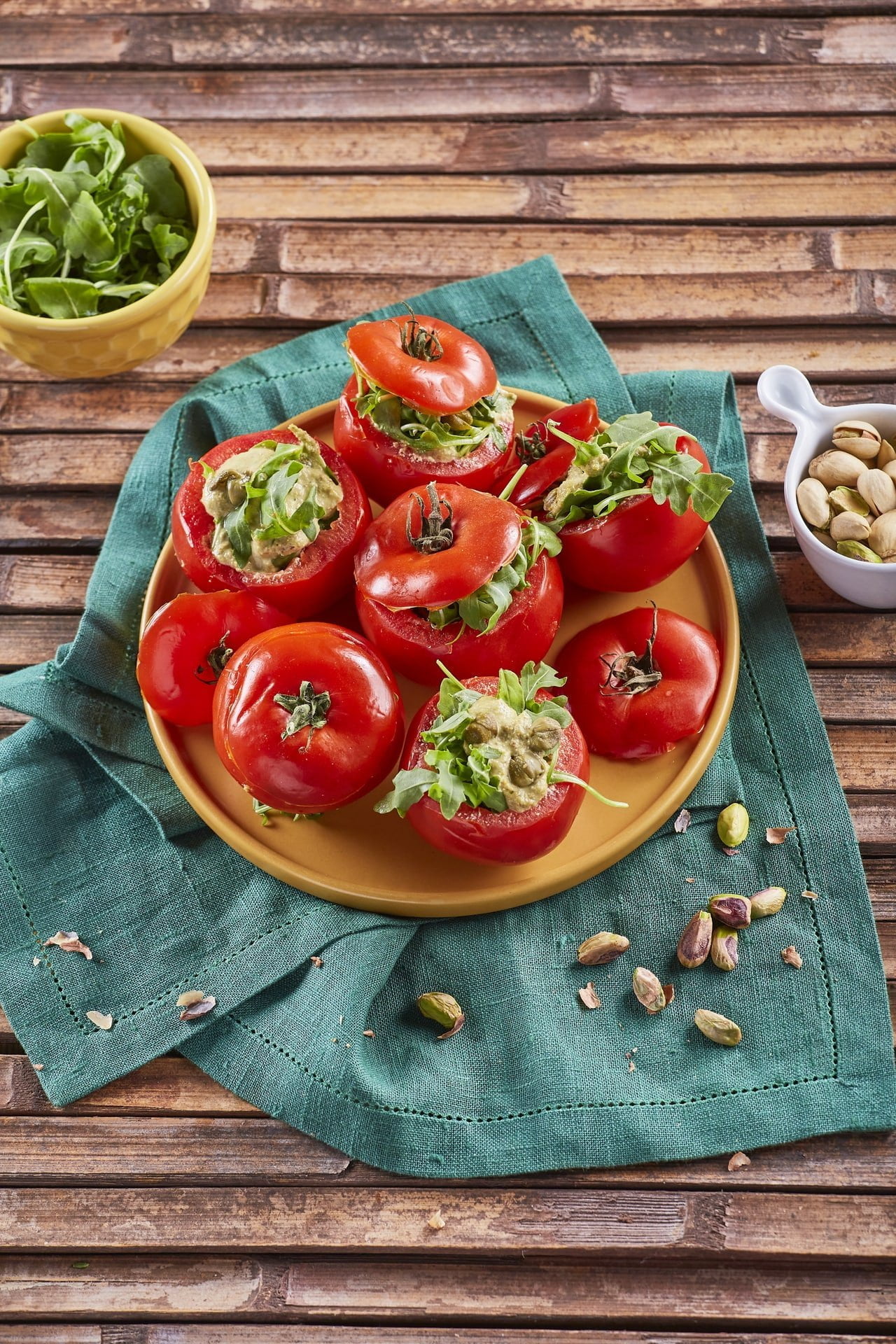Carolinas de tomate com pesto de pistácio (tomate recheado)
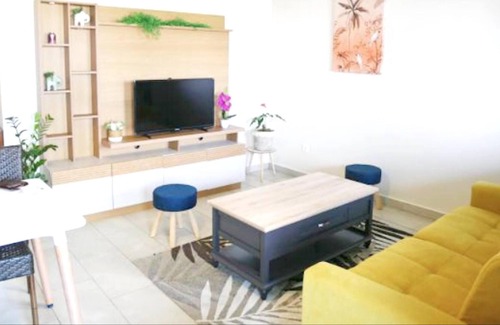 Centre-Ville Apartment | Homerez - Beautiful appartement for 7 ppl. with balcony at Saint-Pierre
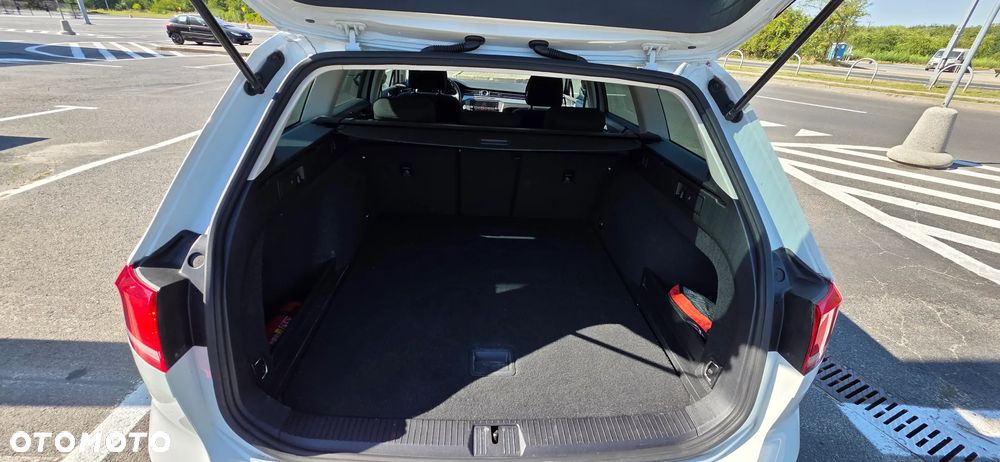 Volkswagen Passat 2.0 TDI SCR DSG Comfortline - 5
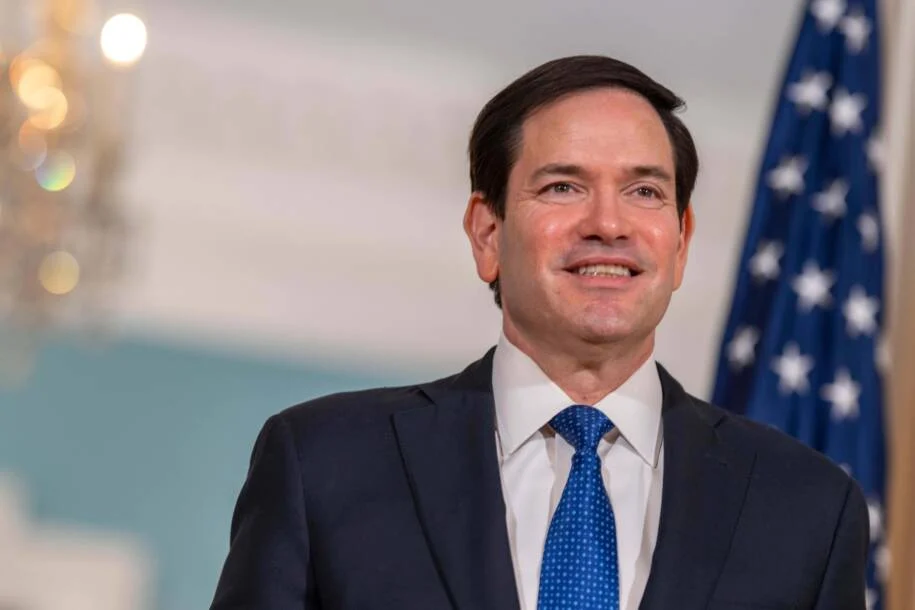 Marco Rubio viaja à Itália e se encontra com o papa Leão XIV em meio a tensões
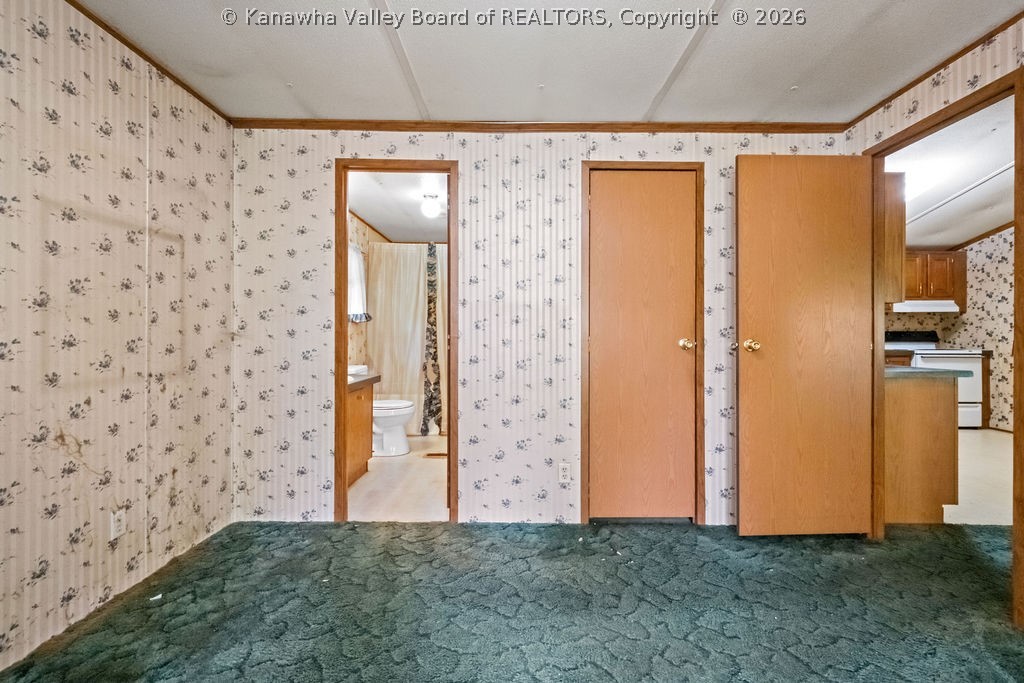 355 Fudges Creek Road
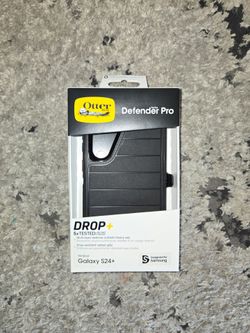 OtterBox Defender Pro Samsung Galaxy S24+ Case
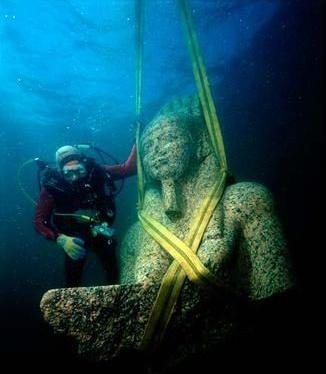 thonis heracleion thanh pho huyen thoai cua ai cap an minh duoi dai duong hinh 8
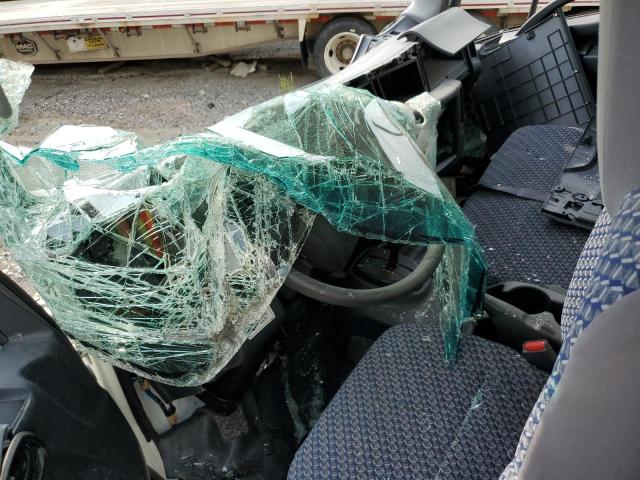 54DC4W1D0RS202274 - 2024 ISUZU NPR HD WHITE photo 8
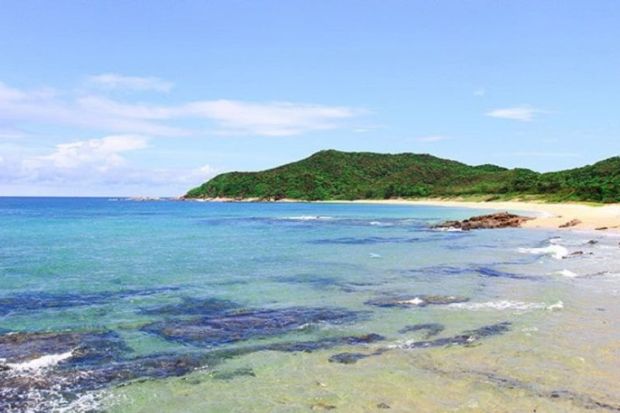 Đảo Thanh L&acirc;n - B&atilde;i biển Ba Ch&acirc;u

####################

[What this task involves] All pictures must be left out. Reproduce exactly the lines from the one containing "OtterBox Defender Pro" to the final line of the entries.

[Answer to this problem]
 OtterBox Defender Pro Samsung Galaxy S24+ Case
 thonis heracleion thanh pho huyen thoai cua ai cap an minh duoi dai duong hinh 8
 54DC4W1D0RS202274 - 2024 ISUZU NPR HD WHITE photo 8
 Đảo Thanh L&acirc;n - B&atilde;i biển Ba Ch&acirc;u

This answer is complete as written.